* _Your objective_
Search the records for the string "Louis". Copy each line where it occurs.

◆ ◆ ◆

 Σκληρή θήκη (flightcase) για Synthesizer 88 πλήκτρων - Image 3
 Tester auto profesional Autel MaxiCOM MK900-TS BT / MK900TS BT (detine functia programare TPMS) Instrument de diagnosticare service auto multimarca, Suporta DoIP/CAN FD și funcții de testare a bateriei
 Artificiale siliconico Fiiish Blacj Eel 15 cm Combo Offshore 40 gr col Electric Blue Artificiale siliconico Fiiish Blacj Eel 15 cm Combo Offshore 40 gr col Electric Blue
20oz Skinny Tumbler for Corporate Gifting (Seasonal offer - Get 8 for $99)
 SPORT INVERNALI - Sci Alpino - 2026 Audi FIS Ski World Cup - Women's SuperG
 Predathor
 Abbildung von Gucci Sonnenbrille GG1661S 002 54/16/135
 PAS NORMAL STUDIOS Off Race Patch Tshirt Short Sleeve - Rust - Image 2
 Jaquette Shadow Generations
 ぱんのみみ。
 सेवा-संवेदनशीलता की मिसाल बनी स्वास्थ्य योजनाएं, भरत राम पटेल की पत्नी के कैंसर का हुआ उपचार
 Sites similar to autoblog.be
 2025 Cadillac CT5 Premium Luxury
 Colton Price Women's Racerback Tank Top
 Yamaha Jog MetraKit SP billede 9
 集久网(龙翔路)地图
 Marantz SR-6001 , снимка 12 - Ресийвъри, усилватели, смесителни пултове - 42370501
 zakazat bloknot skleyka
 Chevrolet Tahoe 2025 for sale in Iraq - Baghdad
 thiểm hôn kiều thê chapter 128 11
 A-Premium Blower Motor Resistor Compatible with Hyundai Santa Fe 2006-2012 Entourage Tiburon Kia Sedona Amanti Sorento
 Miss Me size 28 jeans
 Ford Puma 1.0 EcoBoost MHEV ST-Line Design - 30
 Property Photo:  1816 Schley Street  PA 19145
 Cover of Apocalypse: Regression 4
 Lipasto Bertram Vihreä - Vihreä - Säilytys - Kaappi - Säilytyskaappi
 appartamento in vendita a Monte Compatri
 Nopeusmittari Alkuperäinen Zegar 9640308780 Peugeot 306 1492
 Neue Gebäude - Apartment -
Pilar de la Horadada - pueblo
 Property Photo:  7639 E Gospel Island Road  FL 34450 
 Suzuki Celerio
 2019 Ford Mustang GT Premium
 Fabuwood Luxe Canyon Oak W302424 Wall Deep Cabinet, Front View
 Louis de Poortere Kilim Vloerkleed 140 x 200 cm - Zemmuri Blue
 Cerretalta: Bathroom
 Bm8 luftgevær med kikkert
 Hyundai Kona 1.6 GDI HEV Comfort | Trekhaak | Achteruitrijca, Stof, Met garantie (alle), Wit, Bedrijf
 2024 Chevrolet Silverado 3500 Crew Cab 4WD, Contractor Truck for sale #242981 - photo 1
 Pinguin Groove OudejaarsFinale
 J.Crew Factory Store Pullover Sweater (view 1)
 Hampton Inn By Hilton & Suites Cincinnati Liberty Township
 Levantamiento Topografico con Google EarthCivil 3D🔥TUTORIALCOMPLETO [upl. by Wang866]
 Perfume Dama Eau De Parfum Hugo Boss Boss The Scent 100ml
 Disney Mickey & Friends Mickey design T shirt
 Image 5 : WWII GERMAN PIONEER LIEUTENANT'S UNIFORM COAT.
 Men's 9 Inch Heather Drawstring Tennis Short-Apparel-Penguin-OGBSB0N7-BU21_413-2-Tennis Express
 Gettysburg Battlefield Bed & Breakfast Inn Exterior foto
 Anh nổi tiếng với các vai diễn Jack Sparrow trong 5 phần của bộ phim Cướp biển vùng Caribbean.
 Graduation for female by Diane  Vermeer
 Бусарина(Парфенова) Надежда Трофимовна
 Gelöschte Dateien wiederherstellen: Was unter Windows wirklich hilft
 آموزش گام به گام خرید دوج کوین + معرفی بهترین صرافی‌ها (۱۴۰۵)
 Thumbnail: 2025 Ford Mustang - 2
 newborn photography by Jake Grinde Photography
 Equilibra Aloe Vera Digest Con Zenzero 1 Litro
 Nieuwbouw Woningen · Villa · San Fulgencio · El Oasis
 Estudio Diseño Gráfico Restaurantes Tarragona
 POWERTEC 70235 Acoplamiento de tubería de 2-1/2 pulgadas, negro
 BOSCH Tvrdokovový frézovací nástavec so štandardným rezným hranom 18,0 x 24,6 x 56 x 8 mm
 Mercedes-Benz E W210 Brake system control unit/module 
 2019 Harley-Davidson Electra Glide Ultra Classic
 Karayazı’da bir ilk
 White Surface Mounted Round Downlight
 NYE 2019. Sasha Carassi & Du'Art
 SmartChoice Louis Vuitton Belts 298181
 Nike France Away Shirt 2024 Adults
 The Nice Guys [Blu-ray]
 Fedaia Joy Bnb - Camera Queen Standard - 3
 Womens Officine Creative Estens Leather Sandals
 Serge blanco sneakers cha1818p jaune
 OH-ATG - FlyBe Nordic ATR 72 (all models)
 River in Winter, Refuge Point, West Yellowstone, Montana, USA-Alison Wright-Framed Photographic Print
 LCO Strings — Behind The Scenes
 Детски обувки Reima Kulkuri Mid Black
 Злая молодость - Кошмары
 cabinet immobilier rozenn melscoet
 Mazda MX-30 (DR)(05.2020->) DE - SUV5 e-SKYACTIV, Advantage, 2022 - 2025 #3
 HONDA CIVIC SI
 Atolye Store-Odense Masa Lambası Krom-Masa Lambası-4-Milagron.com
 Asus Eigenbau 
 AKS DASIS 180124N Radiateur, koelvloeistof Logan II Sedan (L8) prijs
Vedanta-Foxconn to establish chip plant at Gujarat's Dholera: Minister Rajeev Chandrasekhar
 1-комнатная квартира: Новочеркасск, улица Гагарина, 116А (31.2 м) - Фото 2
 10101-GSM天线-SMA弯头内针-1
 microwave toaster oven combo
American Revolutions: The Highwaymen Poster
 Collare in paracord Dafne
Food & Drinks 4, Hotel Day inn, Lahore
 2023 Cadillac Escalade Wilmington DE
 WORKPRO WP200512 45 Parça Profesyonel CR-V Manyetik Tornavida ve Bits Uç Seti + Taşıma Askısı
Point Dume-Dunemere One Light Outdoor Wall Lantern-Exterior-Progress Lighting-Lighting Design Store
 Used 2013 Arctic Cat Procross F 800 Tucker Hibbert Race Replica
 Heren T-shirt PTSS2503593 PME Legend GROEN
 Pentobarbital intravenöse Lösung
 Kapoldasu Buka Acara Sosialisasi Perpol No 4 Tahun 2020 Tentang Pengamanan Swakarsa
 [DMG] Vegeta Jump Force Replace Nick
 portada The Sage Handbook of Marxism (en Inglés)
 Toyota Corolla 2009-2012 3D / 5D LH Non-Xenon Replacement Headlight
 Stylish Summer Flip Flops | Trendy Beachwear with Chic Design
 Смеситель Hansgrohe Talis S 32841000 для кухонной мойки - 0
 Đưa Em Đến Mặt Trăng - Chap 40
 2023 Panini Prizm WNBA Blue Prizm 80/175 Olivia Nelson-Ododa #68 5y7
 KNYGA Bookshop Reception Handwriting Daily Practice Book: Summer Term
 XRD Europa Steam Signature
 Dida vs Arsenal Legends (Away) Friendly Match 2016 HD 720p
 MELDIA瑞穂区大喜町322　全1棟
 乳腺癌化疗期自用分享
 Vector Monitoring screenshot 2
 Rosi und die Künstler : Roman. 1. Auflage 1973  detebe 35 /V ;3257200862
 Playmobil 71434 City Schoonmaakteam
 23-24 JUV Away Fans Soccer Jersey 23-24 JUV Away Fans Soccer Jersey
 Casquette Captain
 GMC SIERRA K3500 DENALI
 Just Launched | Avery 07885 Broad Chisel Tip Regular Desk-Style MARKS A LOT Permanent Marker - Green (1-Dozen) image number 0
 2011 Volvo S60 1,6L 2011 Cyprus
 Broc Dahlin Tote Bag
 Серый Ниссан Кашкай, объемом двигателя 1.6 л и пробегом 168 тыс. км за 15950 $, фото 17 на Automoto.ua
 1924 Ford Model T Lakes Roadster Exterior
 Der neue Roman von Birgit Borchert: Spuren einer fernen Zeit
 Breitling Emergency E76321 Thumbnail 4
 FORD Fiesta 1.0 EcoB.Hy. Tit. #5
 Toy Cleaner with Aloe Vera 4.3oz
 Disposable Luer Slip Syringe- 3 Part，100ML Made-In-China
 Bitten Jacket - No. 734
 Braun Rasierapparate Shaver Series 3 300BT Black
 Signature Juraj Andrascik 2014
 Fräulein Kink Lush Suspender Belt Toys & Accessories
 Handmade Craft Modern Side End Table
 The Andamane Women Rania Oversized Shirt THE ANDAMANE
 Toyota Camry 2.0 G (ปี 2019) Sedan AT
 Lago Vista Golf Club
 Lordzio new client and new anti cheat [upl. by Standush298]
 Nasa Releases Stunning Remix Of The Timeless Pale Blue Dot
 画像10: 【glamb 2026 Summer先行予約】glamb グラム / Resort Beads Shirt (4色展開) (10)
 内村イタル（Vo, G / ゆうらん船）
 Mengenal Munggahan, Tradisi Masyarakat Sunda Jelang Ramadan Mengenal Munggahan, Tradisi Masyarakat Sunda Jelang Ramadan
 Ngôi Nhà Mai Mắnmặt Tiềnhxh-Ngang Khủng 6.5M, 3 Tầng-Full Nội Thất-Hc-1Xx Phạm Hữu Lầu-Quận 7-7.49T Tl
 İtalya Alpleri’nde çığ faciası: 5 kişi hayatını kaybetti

◆ ◆ ◆

* _Output_
 Louis de Poortere Kilim Vloerkleed 140 x 200 cm - Zemmuri Blue
 SmartChoice Louis Vuitton Belts 298181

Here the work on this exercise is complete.